TLS posture also becomes a downgrade detector. Plaintext SBI in a lab may be expected. Plaintext SBI on a production path that previously showed TLS evidence is a different signal. The agent can raise that change as a posture anomaly instead of treating both states as identical. This helps detect accidental misconfiguration, certificate path regressions, sidecar or proxy bypass, and attack chains where runtime tampering is followed by weaker transport security.
There is a subtle but important point here for readers searching for eBPF for telecom. eBPF can attach very close to the runtime, including user-space library calls through uprobes, but it should not be described as magic decryption. The credible capability is conditional visibility with evidence. Supported dynamic TLS libraries can be instrumented. Opaque builds are reported as opaque. Unknown states remain unknown. That discipline makes the rest of the article more believable because the same honesty applies to GTP-U, DPDK, and protocol parsing.
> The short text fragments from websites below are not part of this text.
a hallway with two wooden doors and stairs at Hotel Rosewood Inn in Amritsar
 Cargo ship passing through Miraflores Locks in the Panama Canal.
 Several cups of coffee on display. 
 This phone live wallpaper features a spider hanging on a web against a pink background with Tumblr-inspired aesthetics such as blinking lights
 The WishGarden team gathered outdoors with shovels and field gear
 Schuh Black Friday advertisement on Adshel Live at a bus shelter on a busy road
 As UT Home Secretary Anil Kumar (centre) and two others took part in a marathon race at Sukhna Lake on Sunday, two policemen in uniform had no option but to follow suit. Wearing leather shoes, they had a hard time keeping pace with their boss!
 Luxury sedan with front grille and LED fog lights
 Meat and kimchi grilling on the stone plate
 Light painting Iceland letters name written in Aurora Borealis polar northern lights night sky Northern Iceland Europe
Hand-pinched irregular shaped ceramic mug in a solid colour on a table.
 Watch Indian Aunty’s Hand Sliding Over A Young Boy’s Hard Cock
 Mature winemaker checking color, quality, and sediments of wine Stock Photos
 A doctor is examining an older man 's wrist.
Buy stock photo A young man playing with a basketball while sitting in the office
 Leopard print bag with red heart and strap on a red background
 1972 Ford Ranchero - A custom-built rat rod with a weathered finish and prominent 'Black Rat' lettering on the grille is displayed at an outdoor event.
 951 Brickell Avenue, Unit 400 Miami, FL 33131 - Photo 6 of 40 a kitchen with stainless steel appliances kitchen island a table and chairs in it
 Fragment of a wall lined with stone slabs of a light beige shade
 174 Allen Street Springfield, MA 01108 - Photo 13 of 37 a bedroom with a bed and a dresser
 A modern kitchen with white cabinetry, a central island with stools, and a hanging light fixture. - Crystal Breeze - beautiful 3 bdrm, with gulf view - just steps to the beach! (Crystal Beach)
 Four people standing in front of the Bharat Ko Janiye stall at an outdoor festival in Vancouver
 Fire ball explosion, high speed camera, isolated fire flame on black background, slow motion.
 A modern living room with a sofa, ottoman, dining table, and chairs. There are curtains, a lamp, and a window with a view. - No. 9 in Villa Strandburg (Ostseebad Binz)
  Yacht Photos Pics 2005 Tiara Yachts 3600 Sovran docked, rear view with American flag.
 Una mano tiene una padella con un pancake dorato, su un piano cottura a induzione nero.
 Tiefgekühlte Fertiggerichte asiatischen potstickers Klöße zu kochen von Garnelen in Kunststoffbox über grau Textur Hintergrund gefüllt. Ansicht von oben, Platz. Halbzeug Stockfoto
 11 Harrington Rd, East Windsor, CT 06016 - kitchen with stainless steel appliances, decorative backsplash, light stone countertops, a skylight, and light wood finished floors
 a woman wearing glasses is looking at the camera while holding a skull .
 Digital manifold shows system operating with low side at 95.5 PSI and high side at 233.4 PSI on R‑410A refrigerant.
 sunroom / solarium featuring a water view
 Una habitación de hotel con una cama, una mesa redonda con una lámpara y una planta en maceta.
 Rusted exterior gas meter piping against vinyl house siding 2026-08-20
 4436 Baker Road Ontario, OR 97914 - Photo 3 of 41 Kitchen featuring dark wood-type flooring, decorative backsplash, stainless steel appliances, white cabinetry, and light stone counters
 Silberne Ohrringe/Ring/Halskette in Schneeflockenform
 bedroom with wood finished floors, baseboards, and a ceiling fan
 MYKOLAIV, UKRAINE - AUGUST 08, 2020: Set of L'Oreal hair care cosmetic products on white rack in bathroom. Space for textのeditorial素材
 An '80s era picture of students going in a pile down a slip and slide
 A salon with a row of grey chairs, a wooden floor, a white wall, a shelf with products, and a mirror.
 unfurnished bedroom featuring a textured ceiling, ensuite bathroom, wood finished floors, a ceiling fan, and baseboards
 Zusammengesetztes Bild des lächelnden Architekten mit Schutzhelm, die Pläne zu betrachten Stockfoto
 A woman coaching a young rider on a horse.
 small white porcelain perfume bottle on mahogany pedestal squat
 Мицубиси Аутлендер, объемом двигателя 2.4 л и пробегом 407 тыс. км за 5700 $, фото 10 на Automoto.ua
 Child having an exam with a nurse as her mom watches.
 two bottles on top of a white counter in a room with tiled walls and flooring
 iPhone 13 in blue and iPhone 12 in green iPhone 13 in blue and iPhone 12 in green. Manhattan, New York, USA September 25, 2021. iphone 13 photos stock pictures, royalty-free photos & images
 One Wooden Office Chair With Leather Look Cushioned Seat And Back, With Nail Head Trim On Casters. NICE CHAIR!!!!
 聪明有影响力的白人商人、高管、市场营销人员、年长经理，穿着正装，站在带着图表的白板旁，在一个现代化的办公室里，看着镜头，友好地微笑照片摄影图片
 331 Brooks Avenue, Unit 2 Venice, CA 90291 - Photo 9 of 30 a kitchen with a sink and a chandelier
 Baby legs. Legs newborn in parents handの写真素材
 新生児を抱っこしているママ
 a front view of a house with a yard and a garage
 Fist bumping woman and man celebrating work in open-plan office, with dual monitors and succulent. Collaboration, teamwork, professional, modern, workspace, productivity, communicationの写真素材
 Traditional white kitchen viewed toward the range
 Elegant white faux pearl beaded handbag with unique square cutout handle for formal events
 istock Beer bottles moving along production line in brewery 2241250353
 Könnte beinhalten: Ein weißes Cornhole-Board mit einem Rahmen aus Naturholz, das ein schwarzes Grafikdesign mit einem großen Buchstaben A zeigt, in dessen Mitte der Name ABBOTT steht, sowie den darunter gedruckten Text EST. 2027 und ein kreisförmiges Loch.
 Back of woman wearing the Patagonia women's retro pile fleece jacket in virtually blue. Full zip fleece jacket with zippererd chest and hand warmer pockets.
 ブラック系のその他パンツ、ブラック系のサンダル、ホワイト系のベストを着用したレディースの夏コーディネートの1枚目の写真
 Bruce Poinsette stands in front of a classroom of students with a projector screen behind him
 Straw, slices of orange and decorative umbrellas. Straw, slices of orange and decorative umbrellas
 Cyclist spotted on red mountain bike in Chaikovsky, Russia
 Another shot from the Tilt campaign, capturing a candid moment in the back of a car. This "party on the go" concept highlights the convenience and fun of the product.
Runtime Security Around Network Functions
The sensor also watches the host for behavior that should not occur inside telecom network functions.
A production AMF should not spawn a shell. An SMF should not run a package manager. A UPF should not suddenly execute a binary from /tmp or /dev/shm. A RAN process should not start a debugger. A core network function should not create executable anonymous memory, use memfd to stage fileless code, change privilege unexpectedly, enter a new network namespace, or access cloud metadata endpoints.
The agent detects these behaviors from kernel and process telemetry, then enriches them with NF role context. It watches for process execution, parent-child relationships, mutable-path execution, memfd creation, executable memory mapping, ptrace, process memory writes, capset changes, setuid/setgid transitions, SUID/SGID file mode changes, namespace entry, raw sockets, kernel module loads, config writes, certificate or key access, management egress, unexpected listeners, unexpected peers, and CNI management-plane misuse.
The internal red-team style tests in the security-research folder are useful because they show how ordinary Linux behaviors become meaningful when sequenced. A binary named like a system daemon executed from /tmp is masquerading. A curl request to a literal-IP endpoint can be a bootstrap artifact fetch. A shell running chained reconnaissance commands can indicate automated post-exploitation. An HTTP POST to an exfil path is stronger when it follows credential or system discovery. A periodic curl loop becomes beaconing when the timing is consistent. These are generic host behaviors, but on a telecom node they carry higher consequence because the same host may terminate N2, N3, N4, SBI, E2, or O1/O2 control traffic.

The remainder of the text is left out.